Treasury yields rise as traders look ahead to central bank decisions


U.S. government debt yields ticked higher on Tuesday as traders awaited key monetary policy decisions from the European Central Bank (ECB) this week and the Federal Reserve next week.


At around 5:02 p.m. ET, the yield on the benchmark 10-year Treasury note, which moves inversely to price, was higher at around 2.083%, while the yield on the 30-year Treasury bond climbed to 2.617%.

Market focus is largely attuned to central banks, with the ECB monetary policy meeting coming up on Thursday ahead of the U.S. Federal Reserve's Federal Open Markets Committee (FOMC) meeting next week.

Traders are waiting to see whether European policymakers will lower a key deposit rate by 10 basis points in order to mitigate risk of global trade tensions and sub-par regional inflation.
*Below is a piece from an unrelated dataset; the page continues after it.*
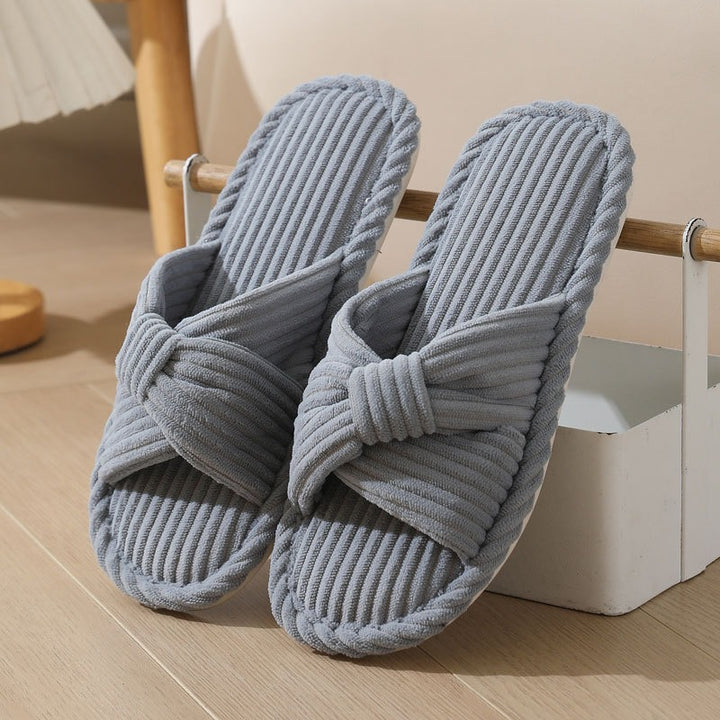 Unisex Plush Fabric Slippers – Padded Comfort Sole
ECB President Mario Draghi suggested in a speech in Sintra last month that further stimulus may be necessary for the euro zone, while investors stateside have been processing mixed messages from senior figures at the Fed.

Late last week, dovish comments by New York Fed President John Williams had boosted expectations the central bank could cut rates by 50 basis points. However, the New York Fed sought to clarify Williams' comments by saying his speech was not about policy action at the upcoming central bank meeting.

Global growth concerns and ongoing trade uncertainties could prompt the Fed to make further cuts over the coming months. Slower GDP growth in the euro zone and Asia have kept investors on-edge in recent months despite stronger performance in the U.S.

The Treasury Department auctioned $39.7 billion in 2-year notes at a high yield of 1.825%. The bid-to-cover ratio, an indicator of demand, was 2.50. Indirect bidders, which include major central banks, were awarded 43.5%. Direct bidders, which includes domestic money managers, bought 24.9%.